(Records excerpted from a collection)
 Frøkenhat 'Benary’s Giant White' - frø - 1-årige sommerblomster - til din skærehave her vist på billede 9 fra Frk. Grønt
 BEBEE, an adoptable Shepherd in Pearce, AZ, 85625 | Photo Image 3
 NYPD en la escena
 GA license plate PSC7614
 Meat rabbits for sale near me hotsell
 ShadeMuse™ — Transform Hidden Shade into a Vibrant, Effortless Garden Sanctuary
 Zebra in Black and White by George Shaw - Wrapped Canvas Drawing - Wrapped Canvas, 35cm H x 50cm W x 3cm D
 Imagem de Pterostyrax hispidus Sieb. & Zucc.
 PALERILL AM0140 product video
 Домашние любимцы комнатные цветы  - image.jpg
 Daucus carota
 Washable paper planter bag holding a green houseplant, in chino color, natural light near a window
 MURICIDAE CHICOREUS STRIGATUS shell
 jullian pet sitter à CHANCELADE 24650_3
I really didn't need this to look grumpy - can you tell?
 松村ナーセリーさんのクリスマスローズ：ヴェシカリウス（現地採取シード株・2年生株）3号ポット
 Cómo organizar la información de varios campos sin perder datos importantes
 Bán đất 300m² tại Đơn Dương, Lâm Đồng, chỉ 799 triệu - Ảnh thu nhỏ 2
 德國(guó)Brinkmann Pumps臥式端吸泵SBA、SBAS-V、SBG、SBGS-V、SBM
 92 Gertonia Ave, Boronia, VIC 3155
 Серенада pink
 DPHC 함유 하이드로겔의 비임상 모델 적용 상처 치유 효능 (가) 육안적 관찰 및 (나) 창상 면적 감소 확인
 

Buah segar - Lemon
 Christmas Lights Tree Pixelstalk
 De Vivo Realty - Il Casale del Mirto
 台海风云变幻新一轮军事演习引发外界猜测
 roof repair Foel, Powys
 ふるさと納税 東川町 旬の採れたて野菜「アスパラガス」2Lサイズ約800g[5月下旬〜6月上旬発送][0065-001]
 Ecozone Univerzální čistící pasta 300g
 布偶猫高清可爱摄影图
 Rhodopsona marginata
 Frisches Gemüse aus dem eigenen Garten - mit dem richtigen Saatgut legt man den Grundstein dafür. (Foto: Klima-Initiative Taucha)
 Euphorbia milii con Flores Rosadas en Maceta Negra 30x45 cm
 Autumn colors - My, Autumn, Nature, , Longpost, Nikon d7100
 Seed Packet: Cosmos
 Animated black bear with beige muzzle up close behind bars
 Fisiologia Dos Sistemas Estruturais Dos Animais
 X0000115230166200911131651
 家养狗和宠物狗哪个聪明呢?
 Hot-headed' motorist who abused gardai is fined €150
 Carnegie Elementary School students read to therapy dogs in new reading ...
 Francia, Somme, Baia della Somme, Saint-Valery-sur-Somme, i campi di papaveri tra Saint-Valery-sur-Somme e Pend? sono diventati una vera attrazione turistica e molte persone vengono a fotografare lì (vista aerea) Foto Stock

ASSIGNMENT:
Every record should be repeated exactly; please leave none out.

RESPONSE TO THIS TASK:
 Frøkenhat 'Benary’s Giant White' - frø - 1-årige sommerblomster - til din skærehave her vist på billede 9 fra Frk. Grønt
 BEBEE, an adoptable Shepherd in Pearce, AZ, 85625 | Photo Image 3
 NYPD en la escena
 GA license plate PSC7614
 Meat rabbits for sale near me hotsell
 ShadeMuse™ — Transform Hidden Shade into a Vibrant, Effortless Garden Sanctuary
 Zebra in Black and White by George Shaw - Wrapped Canvas Drawing - Wrapped Canvas, 35cm H x 50cm W x 3cm D
 Imagem de Pterostyrax hispidus Sieb. & Zucc.
 PALERILL AM0140 product video
 Домашние любимцы комнатные цветы  - image.jpg
 Daucus carota
 Washable paper planter bag holding a green houseplant, in chino color, natural light near a window
 MURICIDAE CHICOREUS STRIGATUS shell
 jullian pet sitter à CHANCELADE 24650_3
I really didn't need this to look grumpy - can you tell?
 松村ナーセリーさんのクリスマスローズ：ヴェシカリウス（現地採取シード株・2年生株）3号ポット
 Cómo organizar la información de varios campos sin perder datos importantes
 Bán đất 300m² tại Đơn Dương, Lâm Đồng, chỉ 799 triệu - Ảnh thu nhỏ 2
 德國(guó)Brinkmann Pumps臥式端吸泵SBA、SBAS-V、SBG、SBGS-V、SBM
 92 Gertonia Ave, Boronia, VIC 3155
 Серенада pink
 DPHC 함유 하이드로겔의 비임상 모델 적용 상처 치유 효능 (가) 육안적 관찰 및 (나) 창상 면적 감소 확인
 

Buah segar - Lemon
 Christmas Lights Tree Pixelstalk
 De Vivo Realty - Il Casale del Mirto
 台海风云变幻新一轮军事演习引发外界猜测
 roof repair Foel, Powys
 ふるさと納税 東川町 旬の採れたて野菜「アスパラガス」2Lサイズ約800g[5月下旬〜6月上旬発送][0065-001]
 Ecozone Univerzální čistící pasta 300g
 布偶猫高清可爱摄影图
 Rhodopsona marginata
 Frisches Gemüse aus dem eigenen Garten - mit dem richtigen Saatgut legt man den Grundstein dafür. (Foto: Klima-Initiative Taucha)
 Euphorbia milii con Flores Rosadas en Maceta Negra 30x45 cm
 Autumn colors - My, Autumn, Nature, , Longpost, Nikon d7100
 Seed Packet: Cosmos
 Animated black bear with beige muzzle up close behind bars
 Fisiologia Dos Sistemas Estruturais Dos Animais
 X0000115230166200911131651
 家养狗和宠物狗哪个聪明呢?
 Hot-headed' motorist who abused gardai is fined €150
 Carnegie Elementary School students read to therapy dogs in new reading ...
 Francia, Somme, Baia della Somme, Saint-Valery-sur-Somme, i campi di papaveri tra Saint-Valery-sur-Somme e Pend? sono diventati una vera attrazione turistica e molte persone vengono a fotografare lì (vista aerea) Foto Stock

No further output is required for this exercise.